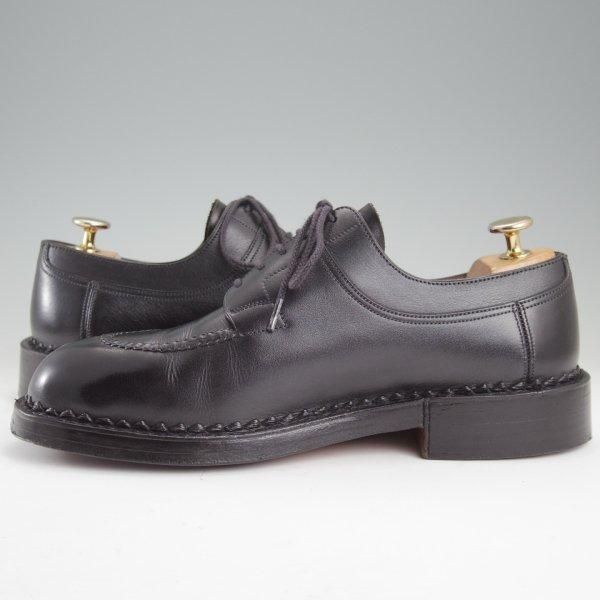 J.M.ウエストン/HUNTDERBY/ハントダービー/ドゴール/ロシアンカーフ/U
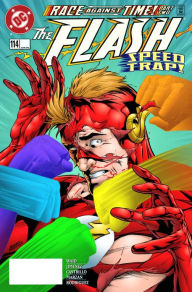 Title: The Flash #114 (1987-2009), Author: Mark Waid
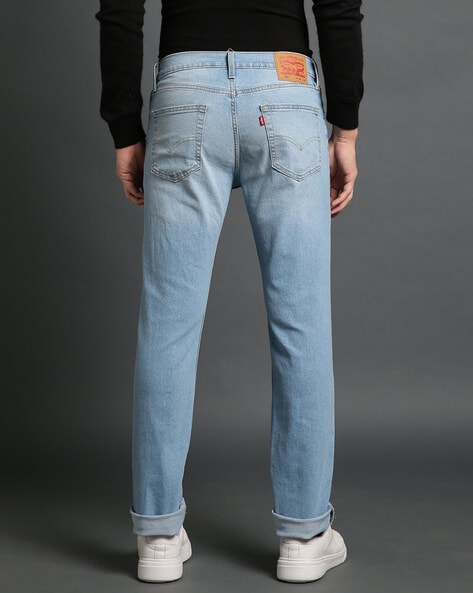 Buy Blue Jeans for Men by LEVIS Online Ajio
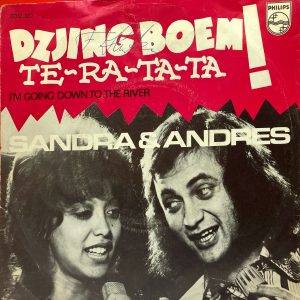 Sandra en Andres - Dzijng Boem Te-RA-TA-TA -A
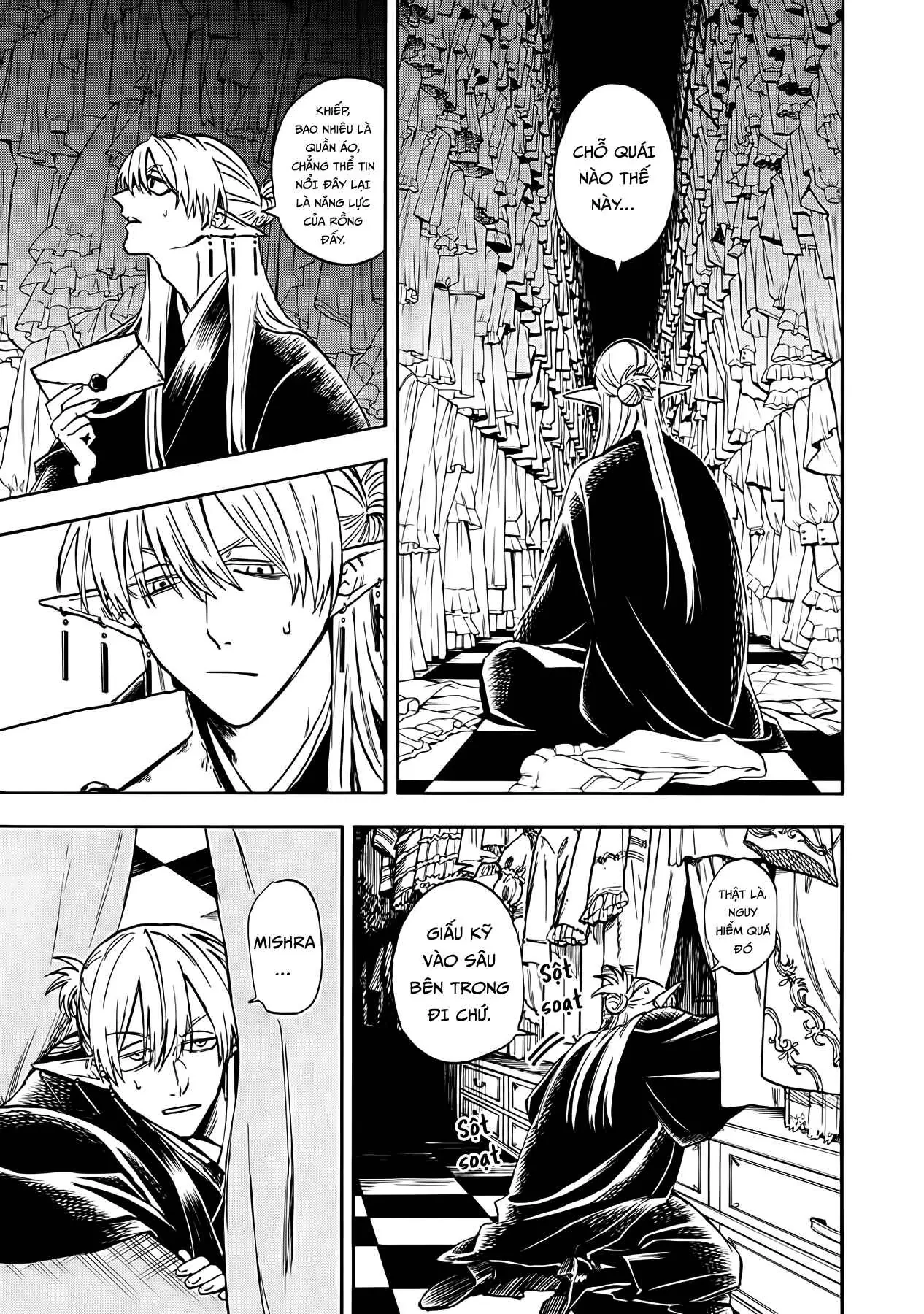 Yuusha Izoku Chapter  5 - 15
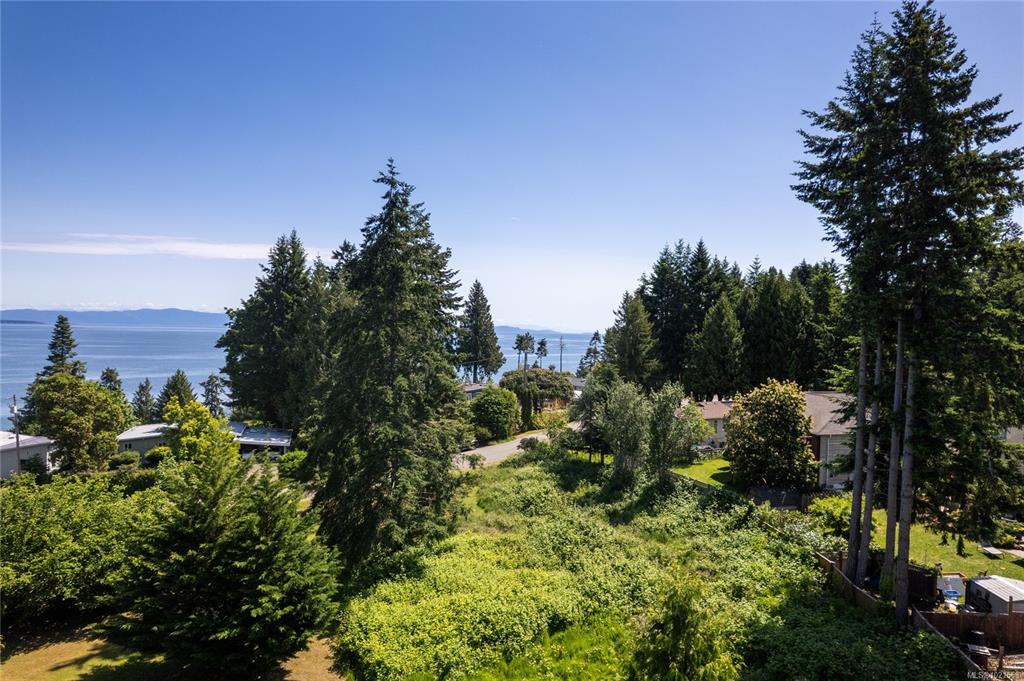 Fourth View of Lot 1 Seaview Dr, Bowser, BC, V0R 1G0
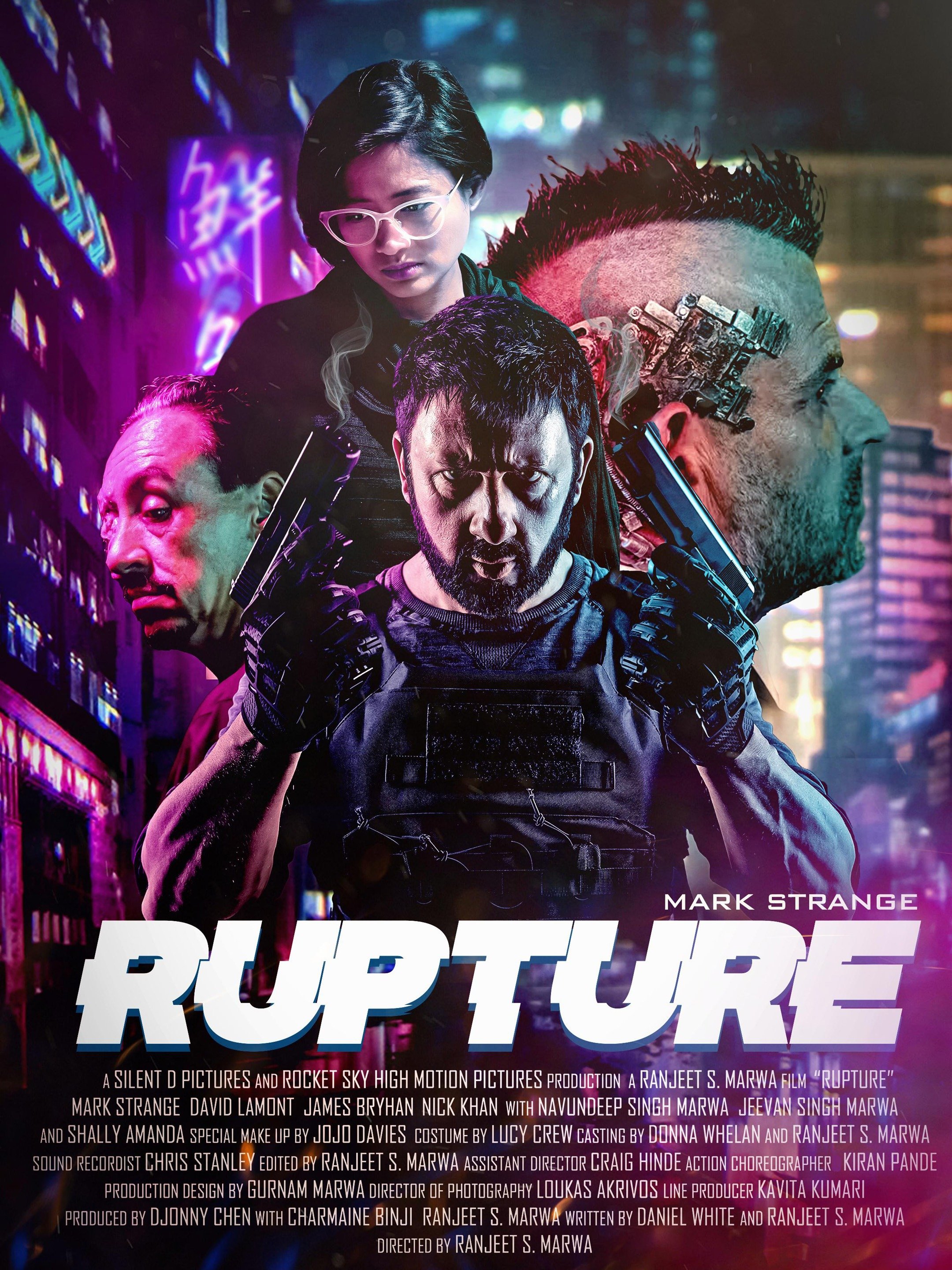 rupture 2 temporada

_ _ _ _ _ _ _

- **Task prompt**
Repeat the lines from the line containing "Title: The Flash" through the end of the material above exactly, with no pictures and nothing else.

- **Task solution**
 Title: The Flash #114 (1987-2009), Author: Mark Waid
 Buy Blue Jeans for Men by LEVIS Online Ajio
 Sandra en Andres - Dzijng Boem Te-RA-TA-TA -A
 Yuusha Izoku Chapter  5 - 15
 Fourth View of Lot 1 Seaview Dr, Bowser, BC, V0R 1G0
 rupture 2 temporada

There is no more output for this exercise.